**Records provided**.
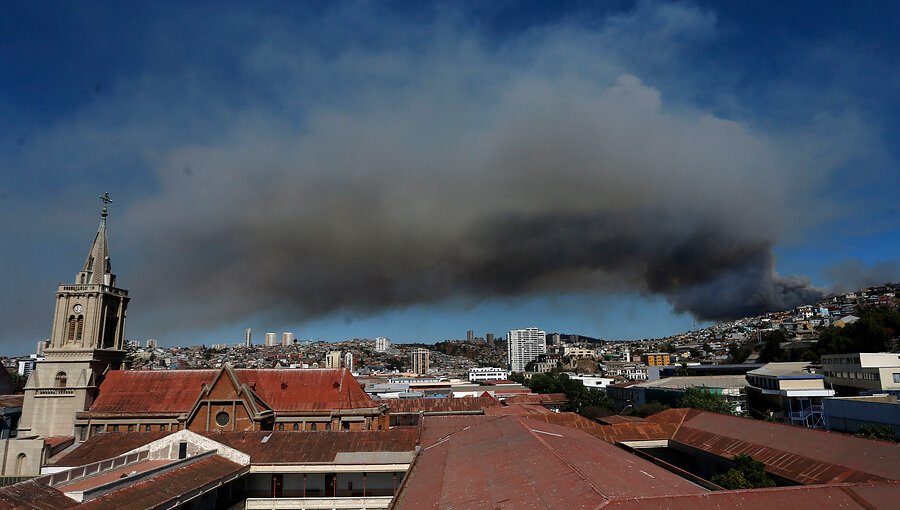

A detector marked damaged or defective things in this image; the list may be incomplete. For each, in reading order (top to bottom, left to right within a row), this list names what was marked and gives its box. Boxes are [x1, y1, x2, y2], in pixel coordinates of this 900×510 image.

rusty metal roof [0, 482, 77, 510]
rusty metal roof [390, 414, 708, 510]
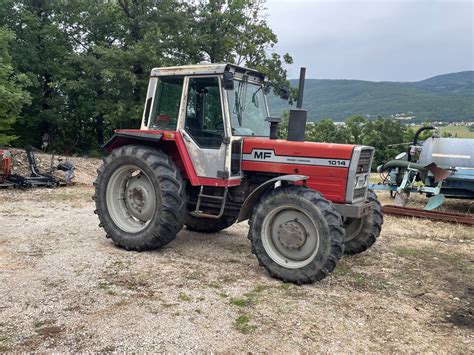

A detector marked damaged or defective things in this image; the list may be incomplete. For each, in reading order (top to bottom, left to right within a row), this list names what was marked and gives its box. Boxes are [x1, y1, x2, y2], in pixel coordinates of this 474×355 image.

rusty scrap metal [384, 204, 472, 227]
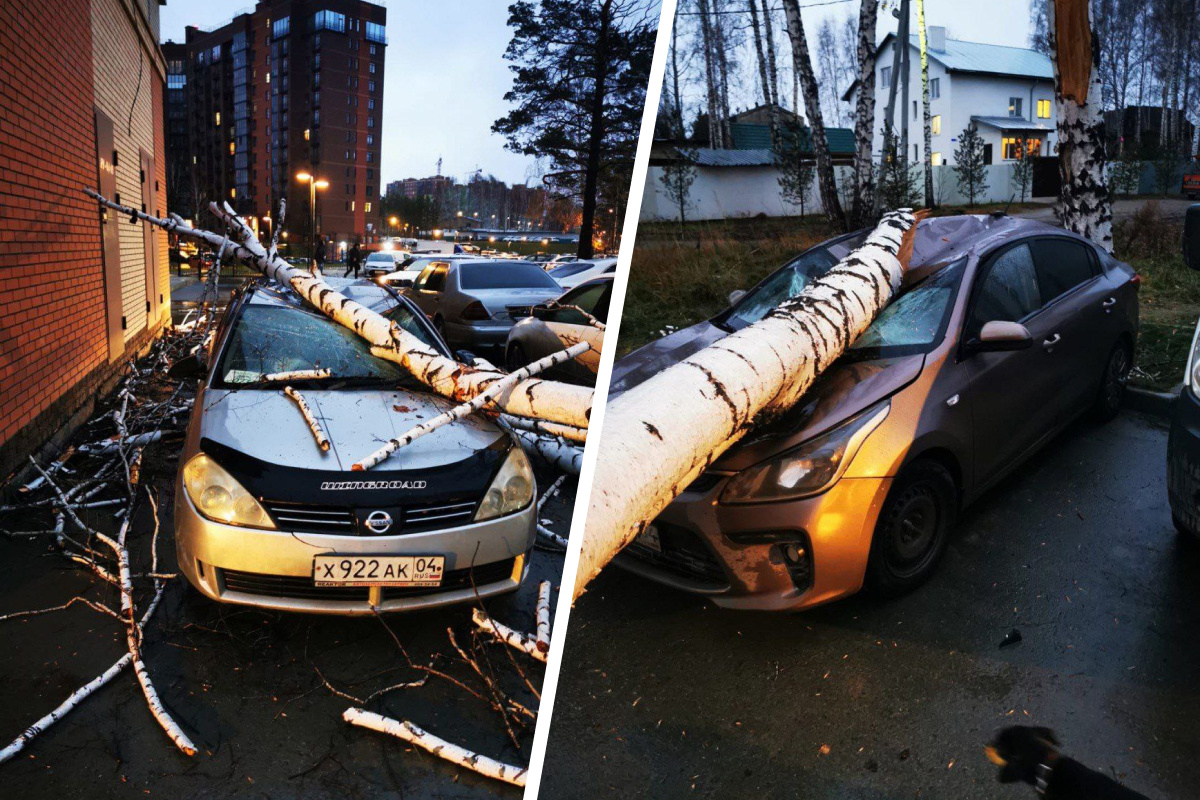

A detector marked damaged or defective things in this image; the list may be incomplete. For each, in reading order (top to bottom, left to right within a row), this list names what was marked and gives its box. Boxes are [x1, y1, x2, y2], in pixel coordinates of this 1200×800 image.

car windshield damage [458, 262, 561, 291]
car windshield damage [216, 302, 432, 388]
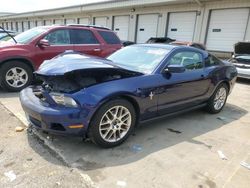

**Assignment**.
Precisely the lines from the one containing "this 474×355 image." to the end of the data above, both included, should be printed; leave the pictures out.

**Problem solution**.
A detector marked damaged or defective things in this image; the list may be incomplete. For each, in reading order (top to bottom, left to right within a row), this list names what was marked and gives its box. Boxes are [x1, y1, x2, y2], in pixel coordinates of this 474×355 image.

rusty scrap metal [384, 204, 472, 227]

A detector marked damaged or defective things in this image; the list may be incomplete. For each, in reading order (top to bottom, left to right within a row), this list names what was marked and gives its box. Boxes are [x1, y1, x2, y2], in pixel coordinates of this 1200×800 image.

car windshield damage [458, 262, 561, 291]
car windshield damage [216, 302, 432, 388]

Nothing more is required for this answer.